"""
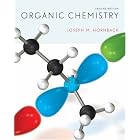 Organic Chemistry (with Organic ChemistryNOW) by Joseph M. Hornback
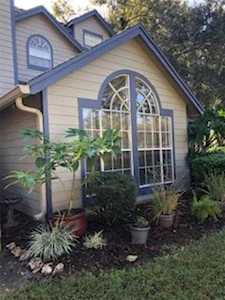 966 Helmsley Court #104 Lake Mary, FL 32746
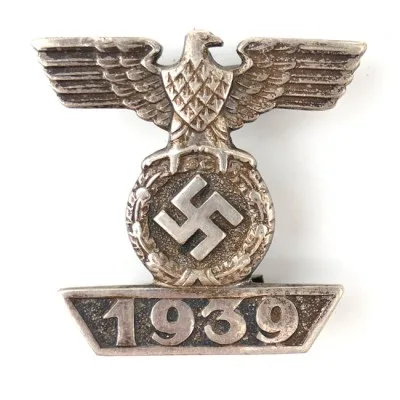 35241_1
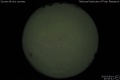 2015/5/14 21:50’42”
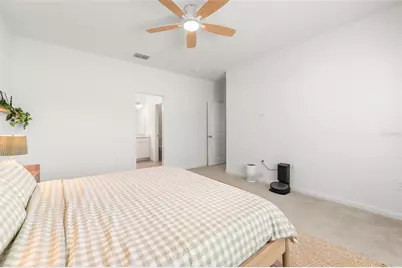 480 NW 4th Street, Williston, FL 32696 - Photo 16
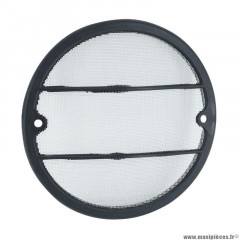 Filtre à air Piaggio couvercle de transmission origine 500 MP3 2018+ (avec marche arrière) -833318-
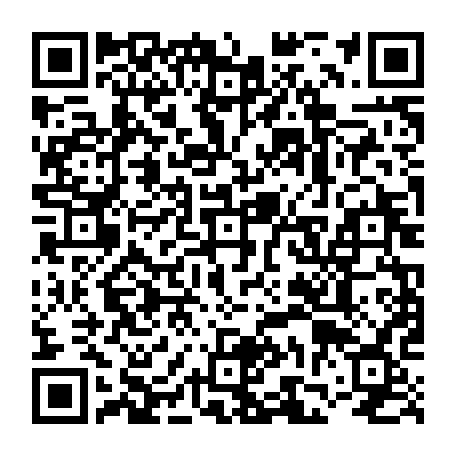 vCard 79236734832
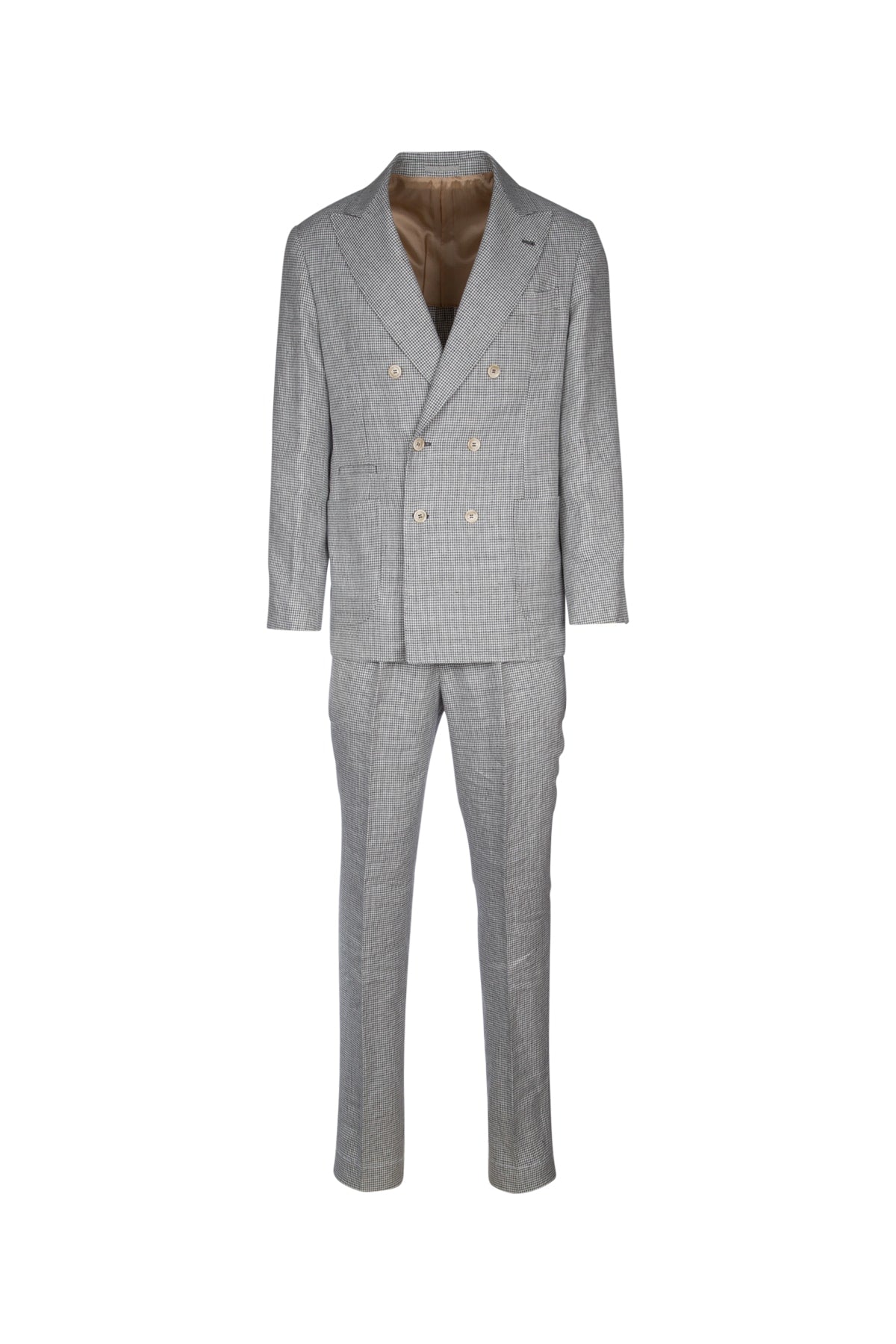 SUIT_MB405LDBH_C032_Image_1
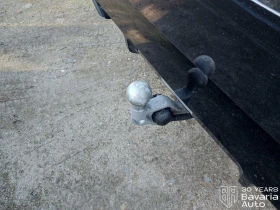 BMW 520 d Touring M Sport Paket Steptronic, снимка 15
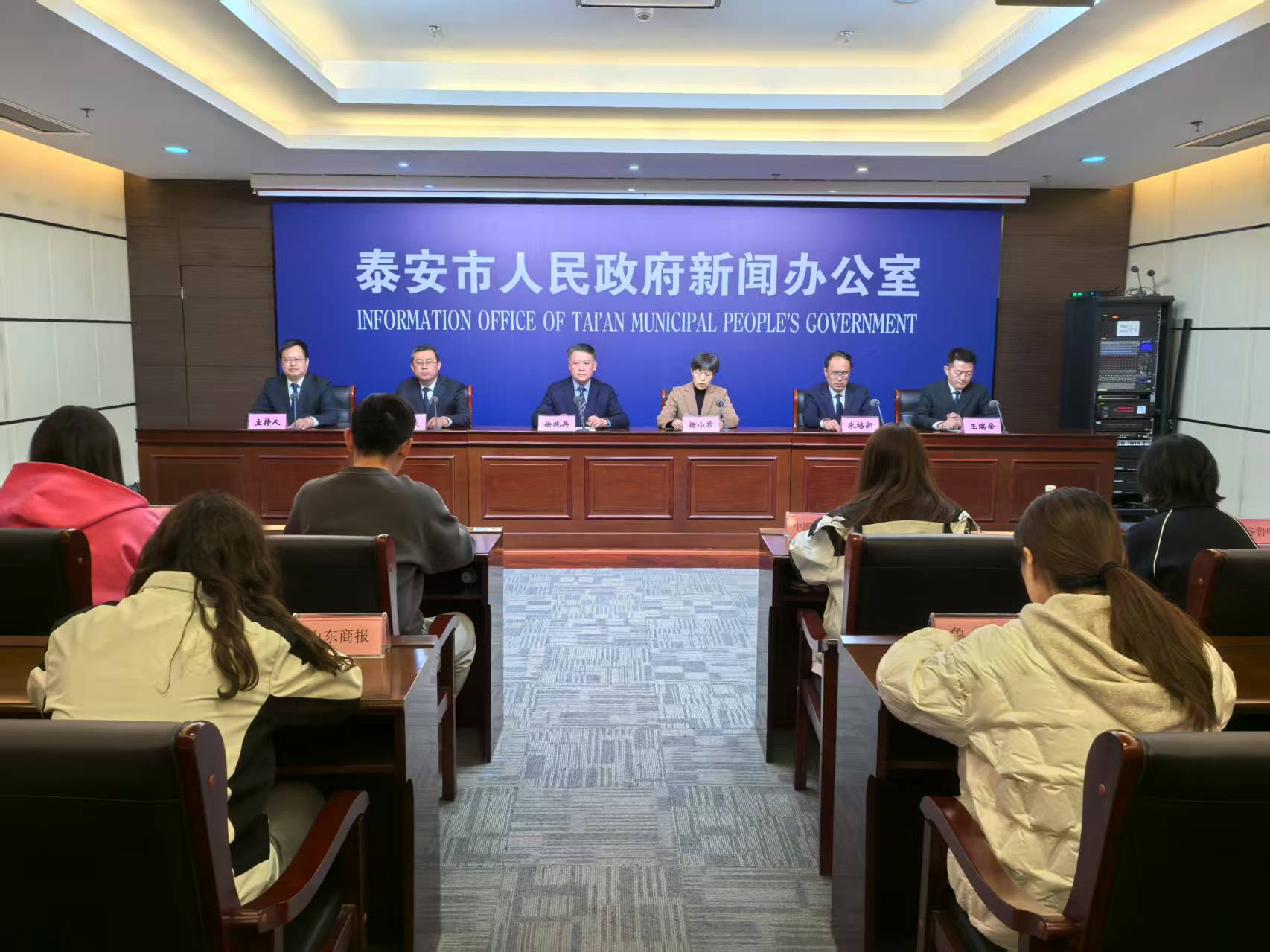 微信圖片_202503181636351.jpg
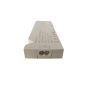 Sursa de alimentare LED cu 6 iesiri 2PIN (Dupont), compatibila
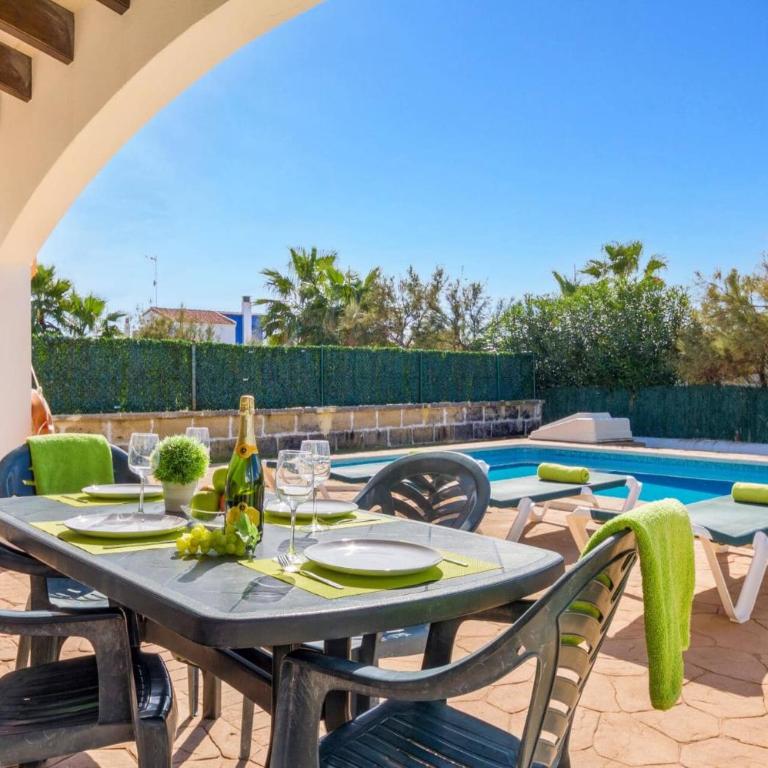 Villa Noa by Villa Plus - Villa - 3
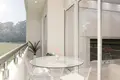 Mieszkanie 2 pokoi 60 m² Mezitli, Turcja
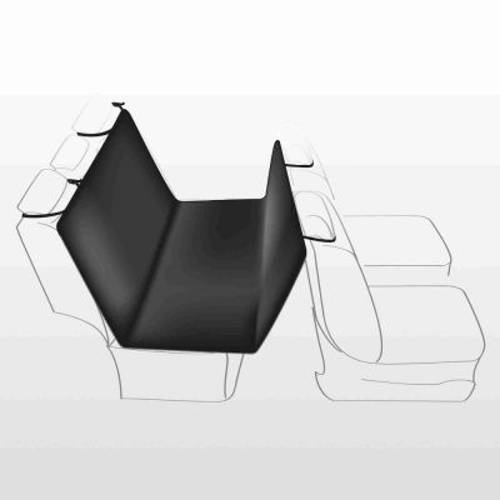 Mata ochronna do samochodu Trixie, rozm. L Dł. x szer.: 160 x 145 cm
"""
# BRIEF
Restate the lines above exactly, from the one bearing "vCard 79236734832" through the final line of the material, both included, omitting pictures.

# RESULT FOR THIS TASK
 vCard 79236734832
 SUIT_MB405LDBH_C032_Image_1
 BMW 520 d Touring M Sport Paket Steptronic, снимка 15
 微信圖片_202503181636351.jpg
 Sursa de alimentare LED cu 6 iesiri 2PIN (Dupont), compatibila
 Villa Noa by Villa Plus - Villa - 3
 Mieszkanie 2 pokoi 60 m² Mezitli, Turcja
 Mata ochronna do samochodu Trixie, rozm. L Dł. x szer.: 160 x 145 cm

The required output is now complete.